Most of the people depend on the data. From product development to demographic targeting to campaign measurement, data inform our actions and gauge our success. In last presidential primary pollsters asked, “Who will you vote for?” when what everyone actually wanted to know was “Who is going to win?” The answer to the first question on the Democratic side was “Obama,” but the answer to the second proved to be “Clinton.”

This is not to say that pollsters asked the wrong question. In fact, they asked precisely the right question. Yet statistical sampling necessarily involves weighting, assumptions, and projections, which are routinely ignored. It is quite obvious everyone gets shocked when the results of these vagaries become manifest.

Still, the failure to accurately predict the primary’s outcome does call for examination. Are the New Hampshire results a warning sign against placing too much stock in survey data, or are they just part of the roller coaster that is our political process? Analysts weighed in on what the primary and the campaign ahead say about data and marketing. One analyst says this is partially applicable to the kind of data we look at. When it comes to areas that respondents may have some emotional reaction, more caveats are involved. Of course, that’s highly true in the political arena. But it can also be true for areas like “How do you feel about online advertising? And “Would you accept commercial messages on your mobile device?”

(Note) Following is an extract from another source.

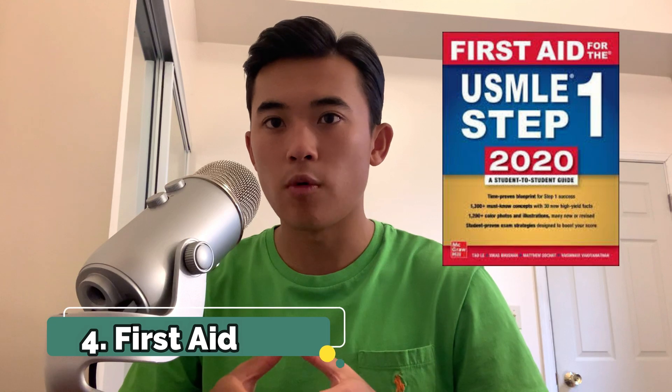Sketchy videos are about 10 to 12 minutes and they're pretty entertaining too, which makes studying a little more enjoyable. The last resource I want to talk about is First Aid. You've probably heard about this one before — it's the one book I knew about before medical school. Pretty much what they say is that you need to know everything in this book because that's everything you need to know to be a doctor and do well on your board exam. What I like to use First Aid for is literally as high-yield notes. When I'm watching Boards and Beyond, Pathoma, or Sketchy, I'm not taking any notes — I'm just focused on the video and processing the information.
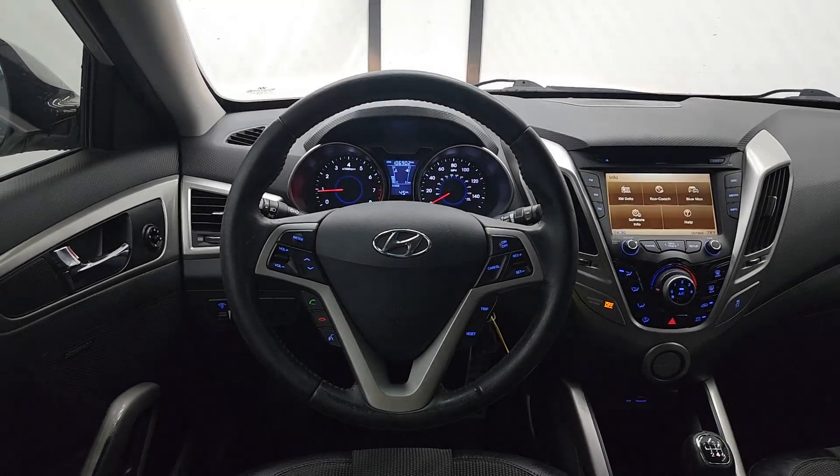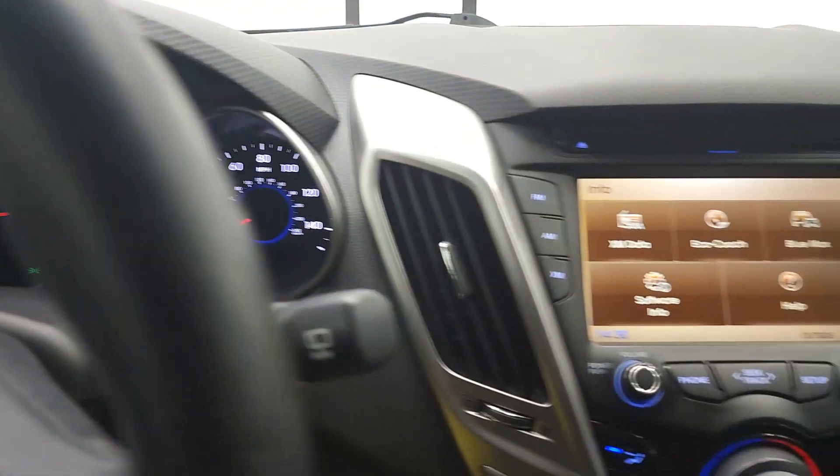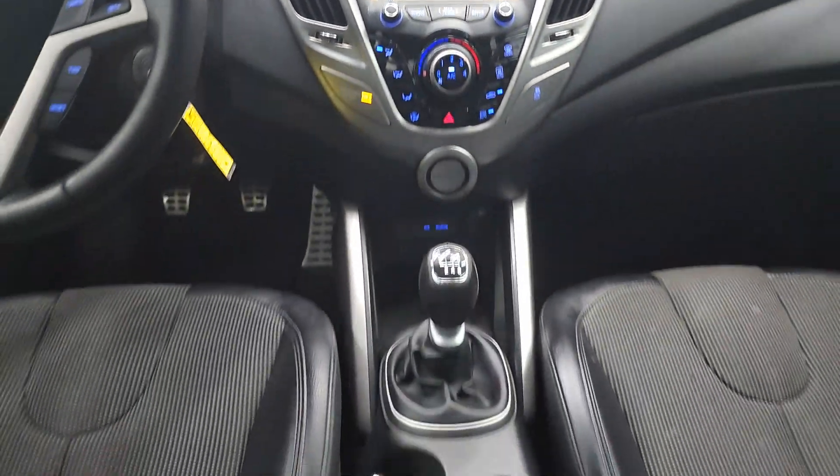Practical efficiency meets individualistic style in this thoughtfully designed Veloster. See for yourself when you take it out for a test drive. Our professional staff looks forward to assisting you.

Social networking will play a critical role in this election. Facebook co-sponsors the debates and teams up with ABC for an application that has had north of a million downloads. Every candidate has a social networking profile. It’s a click of a button to express your political viewpoint in a public social networking environment. It may be as small as giving a political affiliation in your profile or as big as supporting a specific candidate or posting a comment about a candidate on your profile or someone else’s. And each action you take on a social network is completely traceable. I’d suggest that political marketers should be paying more attention to what people are saying about candidates in social networks than what they say in pre-election polls. Especially if, as they say, is the youth market is a key to this election.